Anti-effraction CR3 – CR4 Anti-effraction CR3 – CR4

Les conditions de l’agression

Il existe de nombreuses théories pour définir les risques et menaces. On peut faire le parallèle avec le triangle de feu et définir un « triangle de la menace » qui sera lui composé de trois paramètres :

  • l’agresseur
  • l’objectif
  • les moyens d’action
Triangle de la menace

Comment réduire le risque d’agression et d’effraction ?

Afin de réduire les risques d’agression et d’effraction, on pourra précisément agir sur chacun de ces trois paramètres.

  • Anti-effraction | Agresseur

    L’agresseur

    Pour éviter le passage à l’acte malveillant de l’agresseur, on pourra par exemple le conscientiser aux sanctions auxquelles il s’expose.
  • Anti-effraction | L'objectif

    L’objectif

    On peut également travailler sur l’objectif, en renforçant la difficulté d’accès à celui-ci, en réduisant les tentations et la connaissance de sa situation.
  • Anti-effraction | Les moyens d'action

    Les moyens d’action

    Enfin, les méthodes et moyens d’action sont le point particulier sur lequel nous allons intervenir en tant que fabricants de solutions de sécurité physique.

Les conditions de tests

Le référentiel unique au niveau européen pour l’évaluation des performances des menuiseries retardatrices d’effraction est l’ensemble des normes EN 1627-1630.

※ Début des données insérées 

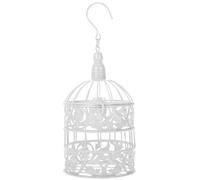 WESIEVYA Cage à Oiseaux Chic Fleurs en Métal Style Européen Blanc et Rangement de Bureau, Accessoire Photo pour Décoration de Mariage pour Fête et Bibliothèque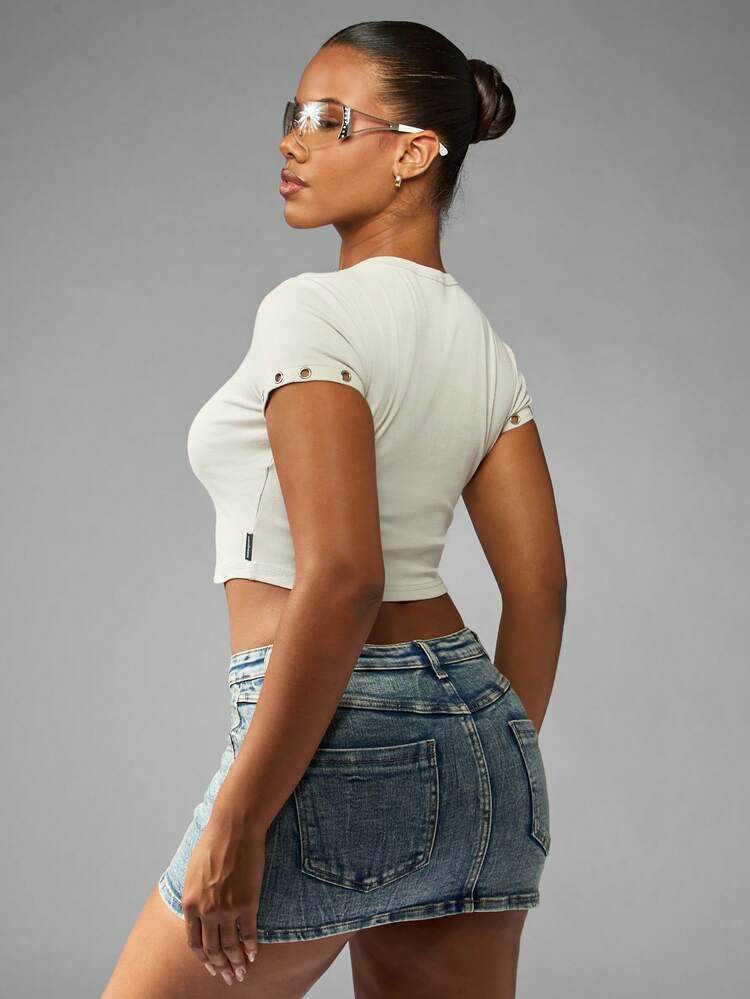 Missguided x Playboy Cotton Eyelet Detail Crop Baby Tee Short Sleeve Crew Neck T-Shirt Festival Summer Cropped Top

Ces normes proposent un système de classification en six catégories (1 à 6 par ordre croissant de résistance à l’effraction) et décrivent les méthodes d’essai utilisées afin d’évaluer la résistance de ces éléments sous charge statique, dynamique ainsi qu’aux tentatives d’effraction manuelle. La norme EN 1627 décrit les conditions des essais et les classes de résistance.

Les tests d'effraction manuel

 

Résistance à une charge statique (EN 1628)

Les portes, châssis et cloisons sont soumis à une force exercée par une machine en divers points plus « sensibles ».

Cette pression est de 3 kN pour les classes 1 et 2, de 6 kN pour la classe 3, de 10 kN pour la classe 4, et de 15 kN pour les classes 5 et 6. Pour information, 10 kN équivalent plus ou moins à une charge de 1020 kg.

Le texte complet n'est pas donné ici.